Gazze’de şu sırada yaşanmakta olan trajedi, son yıllarda defalarca gerçekleşen senaryonun bir tekrarı: İsrail’in hava bombardımanı altında ölen ve yaralanan siviller, çocuklar, kadınlar... Harabeye dönen mahalleler, evsiz kalan aileler... Öfke ve korku içinde, geleceklerinden umudu kesmiş bir milyon 700 bin talihsiz insan...
Geçen günkü yazımızdaki deyişiyle bu “misilleme kısır döngüsü” kırılmayacak mı? Gazzeliler kendi makus kaderleriyle daha ne kadar karşı karşıya kalacaklar?

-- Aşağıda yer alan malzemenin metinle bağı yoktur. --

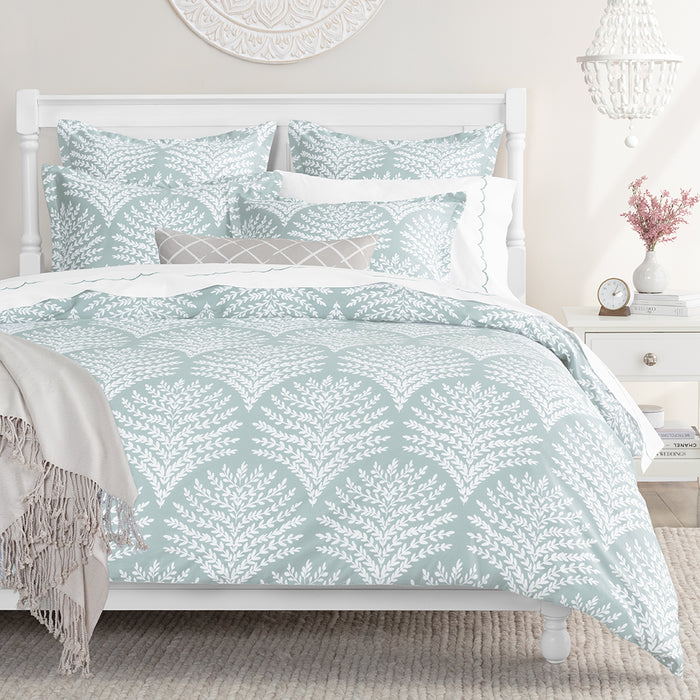 Green Avalon Duvet Cover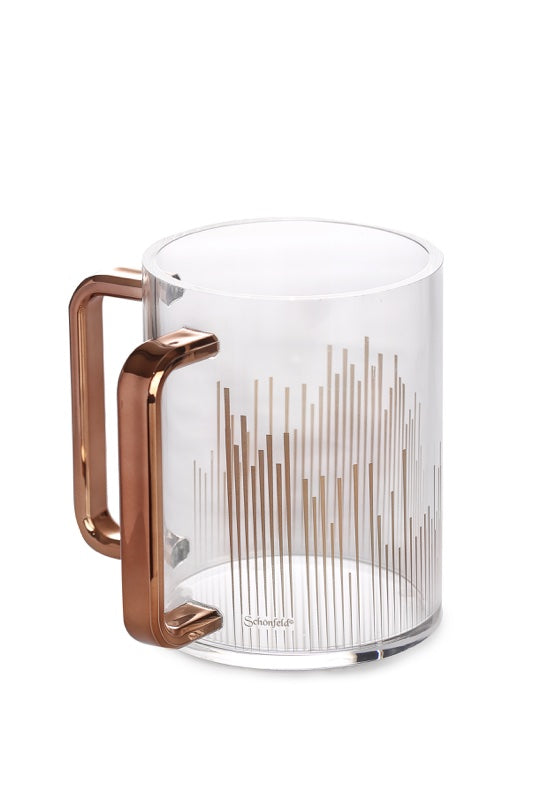 נטלה אקרילית מהודרת בעיטור פסים - מגוון צבעים-נטלה אקרילי-סופר הום-רוזגולד-סופר הום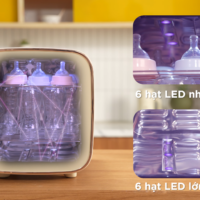máy tiệt trùng sấy khô uvc led king 6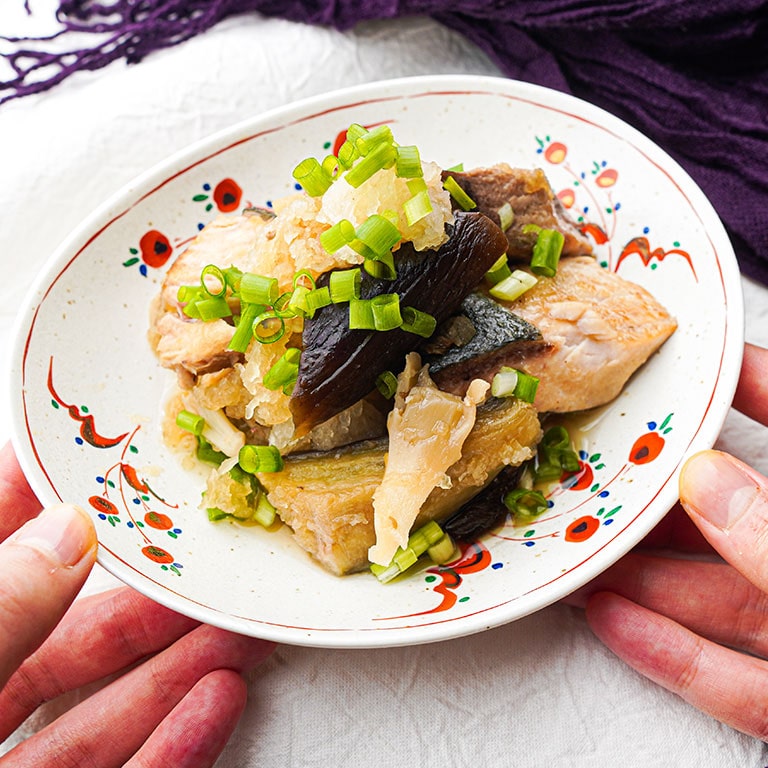 ぶりの野菜たっぷりみぞれ煮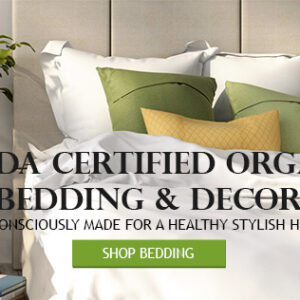 organic and eco-friendly, sustainable linens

Daha önce pek çok kez benzer senaryolar görüldü. Şöyle ki: Hamas’ın İsrail’e fırlattığı roketlere karşılık, İsrail var gücü ile Gazze’yi yoğun bombardımana tabi tutuyor... Dünya telaşlanır gibi oluyor ve tarafları ateşi kesmeleri için zorluyor. Çatışmalar duruyor, bir süre nisbi bir sükunet hâkim oluyor. Ta ki en ufak bir olay bahane edilerek savaşın yeni bir raundu başlayıncaya kadar...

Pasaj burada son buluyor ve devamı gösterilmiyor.